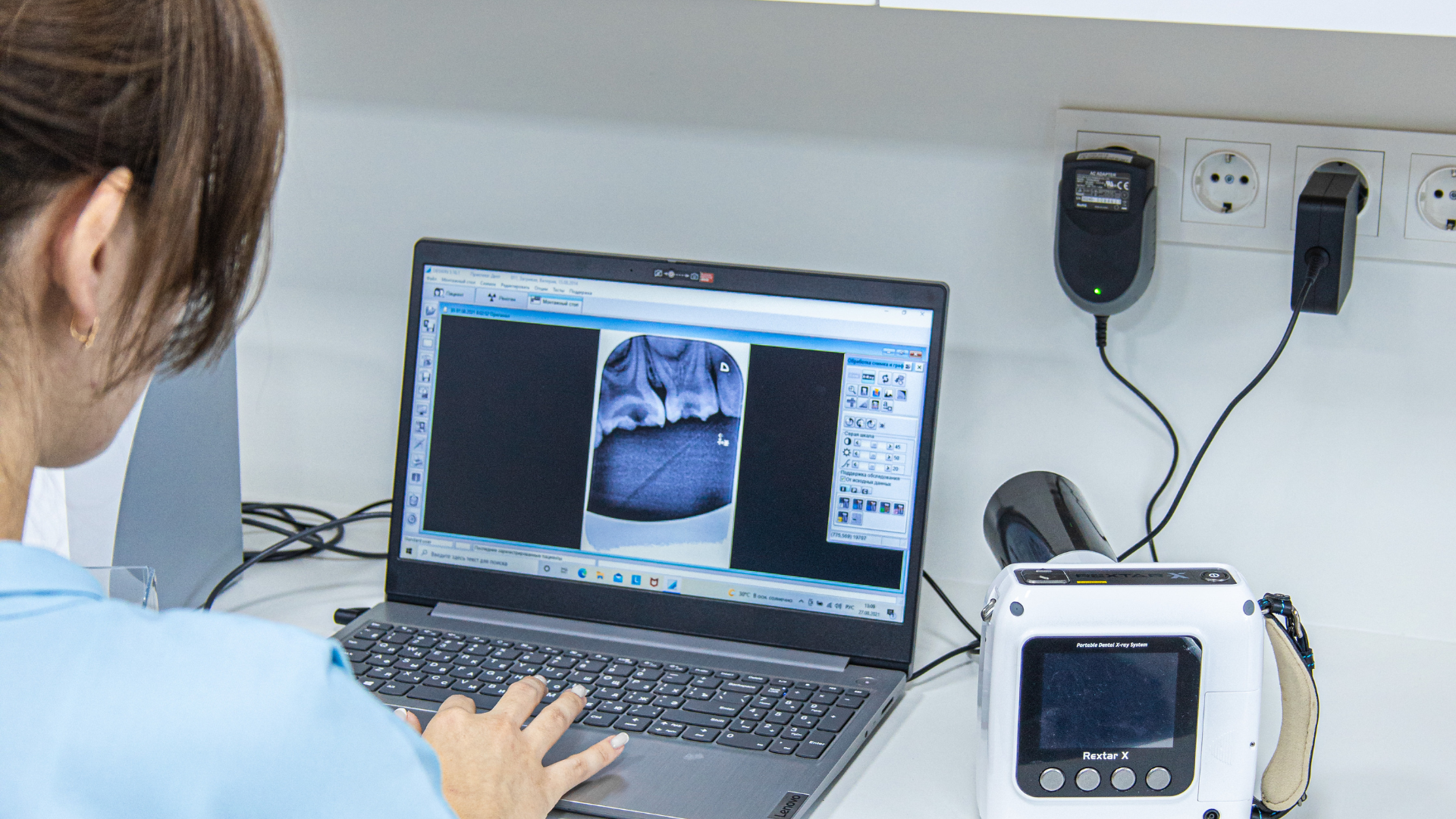 Woman examining x-ray on laptop, connected to a portable x-ray machine in a medical setting.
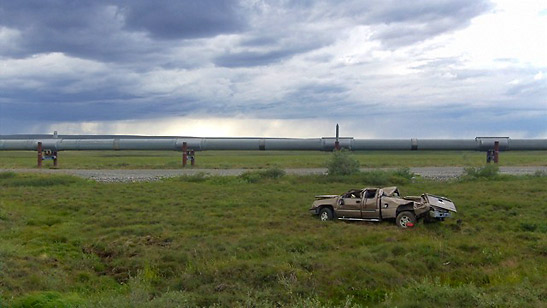 wrecked vehicle near the pipeline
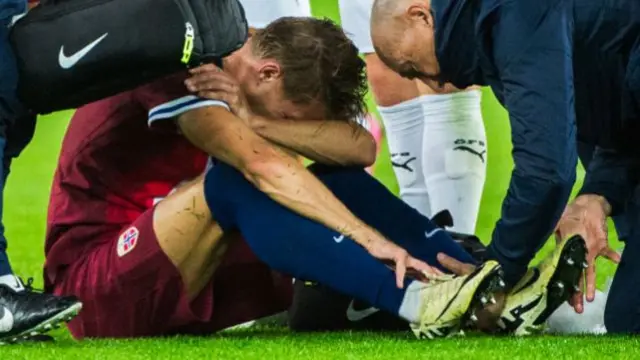 Martin Odegaard sat down receiving treatment after getting injured while playing for Norway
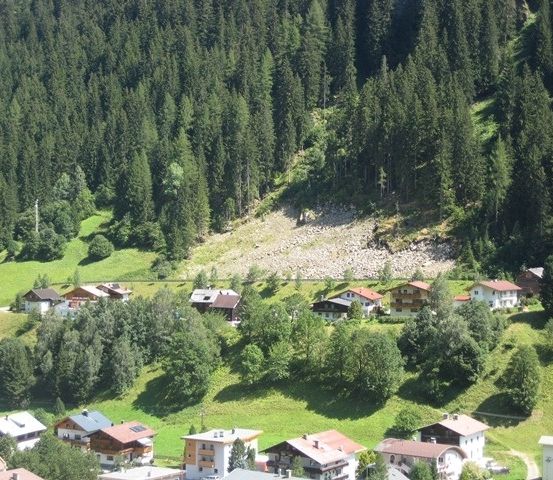 Luftaufnahme eines kleinen Dorfes in einem grünen Tal, umgeben von hohen Bäumen und Bergen. Die Häuser sind in verschiedenen Farben gestrichen.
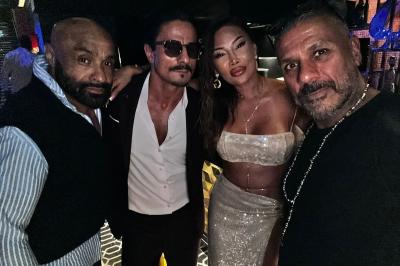 Un homme et une femme posent ensemble dans un environnement sombre, la femme tenant un verre à la main.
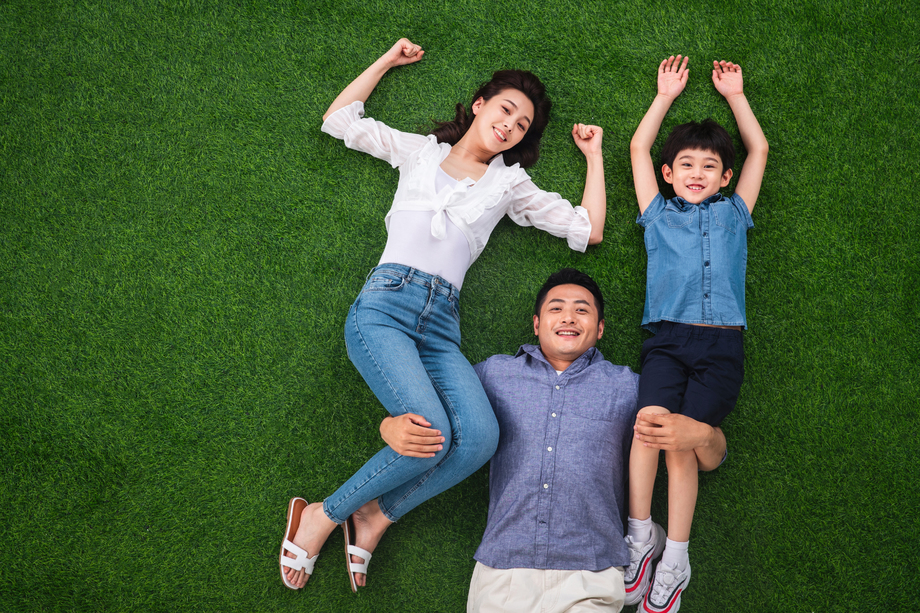 在草地上青年男人驮着妻子和儿子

> _What you will do_: Which lines run from the one containing "Luftaufnahme eines kleinen" to the end of the data above? Set down those lines exactly, and only those, without any pictures.

> _Worked solution_:
 Luftaufnahme eines kleinen Dorfes in einem grünen Tal, umgeben von hohen Bäumen und Bergen. Die Häuser sind in verschiedenen Farben gestrichen.
 Un homme et une femme posent ensemble dans un environnement sombre, la femme tenant un verre à la main.
 在草地上青年男人驮着妻子和儿子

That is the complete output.